The search-and-rescue crews consist of about 200 specialists working around the clock in 12-hour shifts, with hundreds more personnel - firefighters, police, engineers, environmental safety experts and others - serving in support roles. Two teams of dogs were helping to scour the wreckage - one trained to sniff out survivors, the other to detect cadavers.
Investigators have not concluded what caused nearly half of the 40-year-old high-rise to collapse as residents slept in the early hours of last Thursday.
But in 2018, a report prepared by the engineering firm Morabito Consultants ahead of a building safety recertification process found structural deficiencies in the 12-floor, 136-unit complex that are now the focus of inquiries.

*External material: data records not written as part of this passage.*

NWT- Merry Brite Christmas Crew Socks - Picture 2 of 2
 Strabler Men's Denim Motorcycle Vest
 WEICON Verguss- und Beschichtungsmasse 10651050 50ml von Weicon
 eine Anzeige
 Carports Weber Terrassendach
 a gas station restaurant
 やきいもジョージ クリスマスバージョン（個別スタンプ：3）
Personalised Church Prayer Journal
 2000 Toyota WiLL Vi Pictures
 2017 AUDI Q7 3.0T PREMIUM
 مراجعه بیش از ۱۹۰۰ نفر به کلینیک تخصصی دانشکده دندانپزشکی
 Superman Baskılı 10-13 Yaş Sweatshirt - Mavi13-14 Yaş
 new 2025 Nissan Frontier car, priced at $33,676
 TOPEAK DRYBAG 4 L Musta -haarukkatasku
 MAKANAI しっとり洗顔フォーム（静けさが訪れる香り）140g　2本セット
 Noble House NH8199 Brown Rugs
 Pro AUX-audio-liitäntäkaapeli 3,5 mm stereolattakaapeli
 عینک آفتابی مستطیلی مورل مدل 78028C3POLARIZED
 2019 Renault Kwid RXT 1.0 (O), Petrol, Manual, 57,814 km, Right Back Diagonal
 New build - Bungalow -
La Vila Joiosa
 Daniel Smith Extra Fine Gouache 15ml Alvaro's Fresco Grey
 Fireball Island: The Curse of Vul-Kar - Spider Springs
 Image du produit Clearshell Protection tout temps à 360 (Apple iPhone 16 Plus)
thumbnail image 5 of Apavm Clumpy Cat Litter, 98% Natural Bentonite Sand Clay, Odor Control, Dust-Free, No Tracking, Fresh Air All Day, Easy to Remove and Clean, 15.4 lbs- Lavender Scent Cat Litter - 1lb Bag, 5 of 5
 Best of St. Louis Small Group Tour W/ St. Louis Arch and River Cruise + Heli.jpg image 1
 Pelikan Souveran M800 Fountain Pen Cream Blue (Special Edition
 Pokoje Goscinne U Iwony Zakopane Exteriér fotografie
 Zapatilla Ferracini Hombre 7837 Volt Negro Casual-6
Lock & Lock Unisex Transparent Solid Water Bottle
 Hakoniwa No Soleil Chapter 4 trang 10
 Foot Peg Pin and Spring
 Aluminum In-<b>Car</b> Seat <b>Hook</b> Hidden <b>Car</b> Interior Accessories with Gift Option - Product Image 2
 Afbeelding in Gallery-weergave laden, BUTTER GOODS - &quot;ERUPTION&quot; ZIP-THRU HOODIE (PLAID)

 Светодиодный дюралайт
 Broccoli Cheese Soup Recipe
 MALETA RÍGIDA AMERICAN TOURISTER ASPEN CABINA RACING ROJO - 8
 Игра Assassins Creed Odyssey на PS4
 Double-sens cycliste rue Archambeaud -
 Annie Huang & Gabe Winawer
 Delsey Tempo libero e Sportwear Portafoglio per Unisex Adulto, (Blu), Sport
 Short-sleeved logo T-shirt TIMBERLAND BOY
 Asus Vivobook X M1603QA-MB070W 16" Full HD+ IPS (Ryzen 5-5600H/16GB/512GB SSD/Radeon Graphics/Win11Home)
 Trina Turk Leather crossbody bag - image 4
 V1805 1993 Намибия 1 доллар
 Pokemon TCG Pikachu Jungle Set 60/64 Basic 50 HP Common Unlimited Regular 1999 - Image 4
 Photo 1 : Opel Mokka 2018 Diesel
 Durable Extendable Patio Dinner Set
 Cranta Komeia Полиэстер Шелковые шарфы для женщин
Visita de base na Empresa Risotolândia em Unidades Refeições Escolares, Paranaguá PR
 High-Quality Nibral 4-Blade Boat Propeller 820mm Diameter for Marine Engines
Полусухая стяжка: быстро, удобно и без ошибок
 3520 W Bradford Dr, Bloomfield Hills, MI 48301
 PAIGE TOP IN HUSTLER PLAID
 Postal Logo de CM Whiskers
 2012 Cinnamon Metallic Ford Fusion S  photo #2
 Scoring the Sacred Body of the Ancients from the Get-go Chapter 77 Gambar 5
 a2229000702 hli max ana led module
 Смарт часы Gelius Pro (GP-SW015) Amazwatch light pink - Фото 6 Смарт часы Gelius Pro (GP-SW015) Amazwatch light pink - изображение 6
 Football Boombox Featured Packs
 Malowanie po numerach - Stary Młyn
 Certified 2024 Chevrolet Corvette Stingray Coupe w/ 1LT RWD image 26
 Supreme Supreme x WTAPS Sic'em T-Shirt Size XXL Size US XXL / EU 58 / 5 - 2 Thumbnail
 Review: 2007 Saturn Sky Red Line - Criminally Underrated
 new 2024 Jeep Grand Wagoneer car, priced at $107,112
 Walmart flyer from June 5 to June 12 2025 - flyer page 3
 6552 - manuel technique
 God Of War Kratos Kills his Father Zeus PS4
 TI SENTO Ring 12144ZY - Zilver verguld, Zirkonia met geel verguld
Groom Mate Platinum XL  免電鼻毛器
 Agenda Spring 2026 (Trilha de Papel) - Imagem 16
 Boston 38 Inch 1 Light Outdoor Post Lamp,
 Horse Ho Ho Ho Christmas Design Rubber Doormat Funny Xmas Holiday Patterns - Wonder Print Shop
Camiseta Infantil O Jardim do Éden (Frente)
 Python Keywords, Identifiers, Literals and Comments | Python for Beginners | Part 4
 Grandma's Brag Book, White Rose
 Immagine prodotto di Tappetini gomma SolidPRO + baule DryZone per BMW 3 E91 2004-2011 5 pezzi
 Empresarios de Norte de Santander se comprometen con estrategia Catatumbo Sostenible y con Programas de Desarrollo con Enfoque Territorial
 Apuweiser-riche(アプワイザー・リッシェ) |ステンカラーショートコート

As recently as April, the condo association's president warned residents in a letter that severe concrete damage identified by the engineer around the base of the building had grown "significantly worse."
On Wednesday, the relatives of a missing resident, Harold Rosenberg, filed a lawsuit in Florida's 11th Circuit Court against the Champlain Towers South Condominium Association Inc, Morabito Consultants Inc and SD Architects P.A., which the lawsuit says was retained by the association to repair the building.
The lawsuit says the defendants "ignored obvious and shocking warning signs and indications that a catastrophe was imminent." It seeks unspecified damages for negligence.
"Given the location of his residence, Harold Rosenberg is likely located at the very bottom of the mountain of rubble that search-and-rescue personnel have only begun to chip away at," the lawsuit said. "Hope is dwindling by the day."
The architect's firm could not be immediately reached for comment.
Brett Marcy, a spokesman for Morabito, said in a statement that the firm's 2018 report "offered detailed findings and recommendations regarding extensive and necessary structural repairs for the condo building."
Both Marcy and Maria Stagliano, a spokesperson for the condo association, said in separate statements that they could not comment on claims made in pending litigation but were working with investigators to understand why the building collapsed.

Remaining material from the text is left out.